Generalized orthogonalization an elegant solution to the least squares problem
The generalized orthogonalization does not require the formation of the normal equations and is therefore numerically more stable than the conventional method
The purpose of this article is to present a resolution method to the users of the least squares method in geodesy and topography and which has considerable advantages. This so-called “Generalized Orthogonalization” method is based on a modified version of the Gram-Schmidt orthogonalization method. It is very concise, numerically stable and allows the solution of simply or overdetermined systems of linear equations. It does not use any matrix inversion algorithm or the successive elimination technique. There is no formation of normal equations.
The least squares method was invented by Legendre to determine the orbital parameters of the planets. It was a little later that Gauss gave this method the foundations and rigorous mathematical formulations.
Since then, many mathematicians have contributed to the development and applications of this method. Let us quote Laplace, Tchebychev, Kalman and Markov. Significant work has also been carried out by geodesists such as Doolittle, Helmert, Tienstra, Meissl and Moritz. In Belgium we must refer to the works of Marchant, Baetslé and Van Den Herrewegen. We have also associated with certain algorithms, the name of those who proposed original methods allowing the numerical resolution associated with this method as in France Cholesky and Levallois. The other Banachiewicz, Gauss and Jordan are well known.
Today, the computer tools at our disposal require adapted numerical methods. It is agreed that they must meet a certain number of criteria including numerical stability, ease of programming, portability of the software, that is to say its independence to a specific operating system, etc.
The purpose of this paper is to present a method of resolution little known to users of the method of least squares in geodesy and surveying and which nevertheless has considerable advantages. This socalled “Generalized Orthogonalization” method is based on a modified version of the Gram-Schmidt orthogonalization method. It is very concise, numerically stable and allows the solution of simply or overdetermined systems of linear equations. It does not use any matrix inversion algorithm or the successive elimination technique. There is no formation of normal equations. The pioneers of this method are F. Charamza  and J. Gazdzicki .

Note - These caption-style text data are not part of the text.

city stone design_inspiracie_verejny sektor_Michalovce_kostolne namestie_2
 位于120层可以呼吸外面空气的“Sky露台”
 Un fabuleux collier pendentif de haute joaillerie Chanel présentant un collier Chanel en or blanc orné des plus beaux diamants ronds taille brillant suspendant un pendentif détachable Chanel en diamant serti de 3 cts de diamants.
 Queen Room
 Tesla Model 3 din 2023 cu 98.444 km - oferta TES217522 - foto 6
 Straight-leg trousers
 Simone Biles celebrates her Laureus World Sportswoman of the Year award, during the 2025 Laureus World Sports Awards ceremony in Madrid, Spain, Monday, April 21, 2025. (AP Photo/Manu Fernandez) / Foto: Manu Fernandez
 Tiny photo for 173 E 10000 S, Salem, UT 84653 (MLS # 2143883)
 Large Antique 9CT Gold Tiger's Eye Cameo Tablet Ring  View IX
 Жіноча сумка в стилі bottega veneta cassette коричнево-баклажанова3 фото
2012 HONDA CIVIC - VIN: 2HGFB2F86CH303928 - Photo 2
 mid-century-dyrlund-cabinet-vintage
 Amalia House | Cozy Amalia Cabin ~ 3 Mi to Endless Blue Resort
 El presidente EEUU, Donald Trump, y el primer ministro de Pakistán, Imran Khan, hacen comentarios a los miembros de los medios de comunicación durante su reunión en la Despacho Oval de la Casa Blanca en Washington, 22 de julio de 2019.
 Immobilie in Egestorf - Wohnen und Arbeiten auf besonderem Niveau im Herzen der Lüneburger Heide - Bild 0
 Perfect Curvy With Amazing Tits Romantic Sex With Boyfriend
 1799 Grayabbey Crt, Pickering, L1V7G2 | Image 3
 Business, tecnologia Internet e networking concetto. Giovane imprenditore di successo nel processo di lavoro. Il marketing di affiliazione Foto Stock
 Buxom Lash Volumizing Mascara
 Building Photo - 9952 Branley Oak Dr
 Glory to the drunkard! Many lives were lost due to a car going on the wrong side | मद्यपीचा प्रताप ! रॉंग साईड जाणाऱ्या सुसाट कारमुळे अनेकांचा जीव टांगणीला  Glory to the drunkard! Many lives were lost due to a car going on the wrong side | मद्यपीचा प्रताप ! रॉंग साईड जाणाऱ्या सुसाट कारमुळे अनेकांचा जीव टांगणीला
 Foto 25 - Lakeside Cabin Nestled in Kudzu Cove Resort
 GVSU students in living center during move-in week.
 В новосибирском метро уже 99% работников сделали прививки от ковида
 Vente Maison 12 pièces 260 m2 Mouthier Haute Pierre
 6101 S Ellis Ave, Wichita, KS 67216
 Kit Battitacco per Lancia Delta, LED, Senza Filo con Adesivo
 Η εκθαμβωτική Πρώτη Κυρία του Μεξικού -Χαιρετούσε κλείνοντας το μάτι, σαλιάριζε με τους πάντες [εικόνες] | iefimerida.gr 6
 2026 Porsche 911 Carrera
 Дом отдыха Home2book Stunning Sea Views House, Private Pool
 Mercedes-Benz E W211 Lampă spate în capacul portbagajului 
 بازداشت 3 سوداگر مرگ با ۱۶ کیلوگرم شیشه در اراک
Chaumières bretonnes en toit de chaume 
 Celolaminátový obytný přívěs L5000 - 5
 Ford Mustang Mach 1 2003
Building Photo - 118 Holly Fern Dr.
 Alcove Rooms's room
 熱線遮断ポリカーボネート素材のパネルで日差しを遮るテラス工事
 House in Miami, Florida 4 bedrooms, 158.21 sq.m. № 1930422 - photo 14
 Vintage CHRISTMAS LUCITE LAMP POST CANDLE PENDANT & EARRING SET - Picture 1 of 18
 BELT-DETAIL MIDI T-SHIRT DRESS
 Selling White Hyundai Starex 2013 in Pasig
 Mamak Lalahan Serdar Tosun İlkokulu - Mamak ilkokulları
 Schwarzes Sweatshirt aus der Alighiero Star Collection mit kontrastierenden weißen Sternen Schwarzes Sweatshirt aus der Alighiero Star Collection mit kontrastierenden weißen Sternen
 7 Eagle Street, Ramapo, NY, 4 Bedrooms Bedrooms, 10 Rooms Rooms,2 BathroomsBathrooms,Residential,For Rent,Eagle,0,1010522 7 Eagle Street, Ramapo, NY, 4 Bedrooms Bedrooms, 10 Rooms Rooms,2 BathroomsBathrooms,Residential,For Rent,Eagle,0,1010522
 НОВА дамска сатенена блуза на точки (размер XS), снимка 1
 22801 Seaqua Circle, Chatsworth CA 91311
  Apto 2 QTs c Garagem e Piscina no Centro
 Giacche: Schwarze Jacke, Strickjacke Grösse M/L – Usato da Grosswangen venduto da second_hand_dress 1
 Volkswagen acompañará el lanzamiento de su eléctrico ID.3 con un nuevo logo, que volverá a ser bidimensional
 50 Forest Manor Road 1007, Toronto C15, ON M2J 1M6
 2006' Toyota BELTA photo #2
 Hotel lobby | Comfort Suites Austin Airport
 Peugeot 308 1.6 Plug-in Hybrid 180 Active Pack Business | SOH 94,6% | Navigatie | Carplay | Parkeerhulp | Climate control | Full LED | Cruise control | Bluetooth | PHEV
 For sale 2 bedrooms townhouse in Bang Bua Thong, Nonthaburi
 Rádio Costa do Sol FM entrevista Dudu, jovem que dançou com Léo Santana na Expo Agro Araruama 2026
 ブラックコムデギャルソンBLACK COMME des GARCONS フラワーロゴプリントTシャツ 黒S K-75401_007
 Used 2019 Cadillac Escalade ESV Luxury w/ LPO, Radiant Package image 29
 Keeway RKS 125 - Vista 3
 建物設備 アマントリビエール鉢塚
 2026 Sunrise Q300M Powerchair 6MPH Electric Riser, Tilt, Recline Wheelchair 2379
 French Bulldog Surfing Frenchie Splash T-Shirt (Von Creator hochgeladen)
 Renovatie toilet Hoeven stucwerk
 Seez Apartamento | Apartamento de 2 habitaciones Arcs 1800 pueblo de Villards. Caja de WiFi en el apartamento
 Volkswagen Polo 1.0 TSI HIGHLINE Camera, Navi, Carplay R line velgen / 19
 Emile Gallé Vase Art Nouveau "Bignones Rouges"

We had already published an article on this method in 1986 in the Bulletin Trimestriel de la Société Belge de PhotogrammetrieTélédétection et Cartographie  when we worked at the National Geographic Institute of Belgium in the Department of Geodesy from 1983 to 1989. At the time the first mini-computers were appearing and the Department of Geodesy wanted to free itself from the services of the Computer Processing Center (CTI) which worked in time sharing on IBM servers at high prices charged per millisecond of CPU . To give an example, the processing of the aerial triangulation of Rwanda took 20 minutes and exhausted the annual budget of the CTI. This means that a certain independence was welcome.
Our mission was to develop a least squares adjustment software, including all the numerical refinements of the time, namely the B test method invented by Professor Baarda of Delft  for the detection of gross errors but also to produce the indicators internal and external reliability and the adjustment of free networks that call for generalized inversion.
Generalized orthogonalization was systematically used in our software at that time but also for all the software that we developed afterwards and in particular for example the Star Topo TX software from Star Informatic .
There was another request to allow the second-order design of a geodetic network where the position of the points is imposed and where one wishes, to achieve a given precision in terms of standard deviation, to calculate the precision to be obtained for each observation. Secondorder design is one of the most important orders in geodetic network design. In this design order, the optimal weights of the observations are sought. It also used a very particular matrix product invented by Khatri and Rao  used in a development by Gunther Schmitt .
At that time, there were very important international developments and contributions related to the numerical solution of the least squares problem. With limited means of digital processing, the imagination was highly solicited. Today the processing of millions of points from the famous point clouds generated by scanners and other sensors no longer surprises many people. On the other hand, students but also professionals in geodesy and surveying no longer seem motivated to dive into these algorithms with the risk of gradually losing their mastery and therefore becoming dependent on software production companies.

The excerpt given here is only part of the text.